» EXERCISE GOAL
From the records below, set down exactly the lines starting with the line that contains "Burt posted a" and going on through the line that contains "Zebra MC7X MC3XXX". Nothing else is wanted.

» PROVIDED INFORMATION
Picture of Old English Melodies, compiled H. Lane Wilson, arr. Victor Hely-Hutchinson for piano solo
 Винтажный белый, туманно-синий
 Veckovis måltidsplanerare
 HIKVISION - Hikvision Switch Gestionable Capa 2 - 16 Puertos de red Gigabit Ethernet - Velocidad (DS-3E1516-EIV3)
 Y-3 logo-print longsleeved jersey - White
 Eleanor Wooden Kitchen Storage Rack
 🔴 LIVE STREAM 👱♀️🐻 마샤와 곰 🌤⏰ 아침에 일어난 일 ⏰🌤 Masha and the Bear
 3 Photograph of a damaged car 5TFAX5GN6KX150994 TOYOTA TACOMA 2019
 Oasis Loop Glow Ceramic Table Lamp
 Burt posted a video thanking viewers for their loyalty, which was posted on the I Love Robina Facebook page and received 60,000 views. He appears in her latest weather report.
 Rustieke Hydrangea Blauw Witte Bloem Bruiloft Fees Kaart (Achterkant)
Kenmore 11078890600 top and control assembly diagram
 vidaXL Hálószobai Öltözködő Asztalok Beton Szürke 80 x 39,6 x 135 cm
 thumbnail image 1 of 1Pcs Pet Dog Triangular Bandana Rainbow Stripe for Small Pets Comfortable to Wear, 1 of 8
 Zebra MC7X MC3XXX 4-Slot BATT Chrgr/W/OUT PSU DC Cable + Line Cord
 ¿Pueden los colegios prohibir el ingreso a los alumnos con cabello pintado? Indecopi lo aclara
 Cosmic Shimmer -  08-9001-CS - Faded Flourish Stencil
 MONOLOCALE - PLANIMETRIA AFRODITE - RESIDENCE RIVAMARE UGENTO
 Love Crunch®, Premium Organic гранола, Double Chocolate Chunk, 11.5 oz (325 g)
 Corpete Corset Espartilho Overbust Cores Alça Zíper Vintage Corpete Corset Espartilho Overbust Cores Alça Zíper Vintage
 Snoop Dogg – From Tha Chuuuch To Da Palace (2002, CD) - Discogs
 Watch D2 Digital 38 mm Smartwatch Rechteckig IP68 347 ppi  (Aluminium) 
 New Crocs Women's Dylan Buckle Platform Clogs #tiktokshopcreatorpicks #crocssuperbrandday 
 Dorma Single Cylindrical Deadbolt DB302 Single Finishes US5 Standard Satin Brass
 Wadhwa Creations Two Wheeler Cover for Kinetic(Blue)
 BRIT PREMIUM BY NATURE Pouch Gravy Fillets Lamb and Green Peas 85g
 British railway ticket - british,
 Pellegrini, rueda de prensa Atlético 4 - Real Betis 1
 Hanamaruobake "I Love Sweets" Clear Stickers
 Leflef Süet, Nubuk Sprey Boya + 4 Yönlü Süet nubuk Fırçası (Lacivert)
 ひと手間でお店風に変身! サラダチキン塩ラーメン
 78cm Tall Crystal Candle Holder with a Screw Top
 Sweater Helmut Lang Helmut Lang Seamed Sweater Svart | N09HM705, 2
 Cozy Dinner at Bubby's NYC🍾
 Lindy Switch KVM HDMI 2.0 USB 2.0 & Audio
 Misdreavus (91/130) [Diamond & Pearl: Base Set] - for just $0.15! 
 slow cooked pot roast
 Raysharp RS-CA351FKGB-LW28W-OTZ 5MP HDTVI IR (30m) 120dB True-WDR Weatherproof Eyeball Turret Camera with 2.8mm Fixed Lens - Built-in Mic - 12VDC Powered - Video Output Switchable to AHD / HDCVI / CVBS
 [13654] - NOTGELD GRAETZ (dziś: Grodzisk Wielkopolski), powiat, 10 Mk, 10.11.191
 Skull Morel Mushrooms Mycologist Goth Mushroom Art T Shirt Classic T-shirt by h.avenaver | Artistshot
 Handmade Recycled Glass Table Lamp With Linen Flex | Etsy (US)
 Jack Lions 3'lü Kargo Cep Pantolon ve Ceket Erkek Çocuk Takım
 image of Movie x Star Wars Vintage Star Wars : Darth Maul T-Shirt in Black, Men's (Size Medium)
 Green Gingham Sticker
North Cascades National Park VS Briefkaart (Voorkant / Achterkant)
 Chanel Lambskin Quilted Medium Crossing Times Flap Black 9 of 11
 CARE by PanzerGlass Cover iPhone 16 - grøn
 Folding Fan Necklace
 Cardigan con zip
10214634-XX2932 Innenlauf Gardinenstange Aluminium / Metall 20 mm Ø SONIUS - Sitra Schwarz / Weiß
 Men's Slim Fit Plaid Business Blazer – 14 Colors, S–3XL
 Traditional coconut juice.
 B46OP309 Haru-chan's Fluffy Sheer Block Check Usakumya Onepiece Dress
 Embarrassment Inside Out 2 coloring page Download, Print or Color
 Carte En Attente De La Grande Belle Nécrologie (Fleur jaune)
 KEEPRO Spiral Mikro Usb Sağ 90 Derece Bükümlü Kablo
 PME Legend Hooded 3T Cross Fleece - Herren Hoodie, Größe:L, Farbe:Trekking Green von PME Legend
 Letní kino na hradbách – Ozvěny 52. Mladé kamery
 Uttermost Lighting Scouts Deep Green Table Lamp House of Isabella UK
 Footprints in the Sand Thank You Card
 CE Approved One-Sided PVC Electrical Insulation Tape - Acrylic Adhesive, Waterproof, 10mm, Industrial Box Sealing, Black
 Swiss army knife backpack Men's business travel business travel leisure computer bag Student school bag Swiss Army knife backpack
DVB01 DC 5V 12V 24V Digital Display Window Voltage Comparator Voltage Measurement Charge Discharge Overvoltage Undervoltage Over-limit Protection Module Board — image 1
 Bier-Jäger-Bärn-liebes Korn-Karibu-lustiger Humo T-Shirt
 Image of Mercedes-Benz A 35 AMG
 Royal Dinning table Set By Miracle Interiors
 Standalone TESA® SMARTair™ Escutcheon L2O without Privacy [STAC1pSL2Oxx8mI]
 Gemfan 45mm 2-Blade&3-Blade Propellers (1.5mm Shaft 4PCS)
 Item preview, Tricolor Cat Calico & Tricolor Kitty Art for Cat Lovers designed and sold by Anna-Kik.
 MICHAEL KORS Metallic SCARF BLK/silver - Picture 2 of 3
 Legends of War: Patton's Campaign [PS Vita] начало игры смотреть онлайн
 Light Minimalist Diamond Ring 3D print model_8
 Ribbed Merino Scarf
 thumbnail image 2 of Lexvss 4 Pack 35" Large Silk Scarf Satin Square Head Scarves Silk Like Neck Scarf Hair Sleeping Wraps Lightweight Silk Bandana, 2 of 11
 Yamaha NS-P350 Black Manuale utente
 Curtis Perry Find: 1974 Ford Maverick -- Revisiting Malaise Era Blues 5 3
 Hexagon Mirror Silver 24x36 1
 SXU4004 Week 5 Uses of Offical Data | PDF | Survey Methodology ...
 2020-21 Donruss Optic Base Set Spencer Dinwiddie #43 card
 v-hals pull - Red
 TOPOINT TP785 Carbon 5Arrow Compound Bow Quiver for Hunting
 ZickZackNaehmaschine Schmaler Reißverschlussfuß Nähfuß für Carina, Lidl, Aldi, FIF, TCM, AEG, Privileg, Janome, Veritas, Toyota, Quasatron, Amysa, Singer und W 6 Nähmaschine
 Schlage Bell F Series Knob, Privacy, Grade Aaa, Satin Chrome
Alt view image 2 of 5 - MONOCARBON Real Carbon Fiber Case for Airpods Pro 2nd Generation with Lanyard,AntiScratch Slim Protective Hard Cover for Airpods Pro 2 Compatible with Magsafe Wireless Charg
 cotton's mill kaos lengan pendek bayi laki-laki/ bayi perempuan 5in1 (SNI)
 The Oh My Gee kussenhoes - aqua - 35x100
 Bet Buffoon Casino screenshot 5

» WRITTEN ANSWER
 Burt posted a video thanking viewers for their loyalty, which was posted on the I Love Robina Facebook page and received 60,000 views. He appears in her latest weather report.
 Rustieke Hydrangea Blauw Witte Bloem Bruiloft Fees Kaart (Achterkant)
Kenmore 11078890600 top and control assembly diagram
 vidaXL Hálószobai Öltözködő Asztalok Beton Szürke 80 x 39,6 x 135 cm
 thumbnail image 1 of 1Pcs Pet Dog Triangular Bandana Rainbow Stripe for Small Pets Comfortable to Wear, 1 of 8
 Zebra MC7X MC3XXX 4-Slot BATT Chrgr/W/OUT PSU DC Cable + Line Cord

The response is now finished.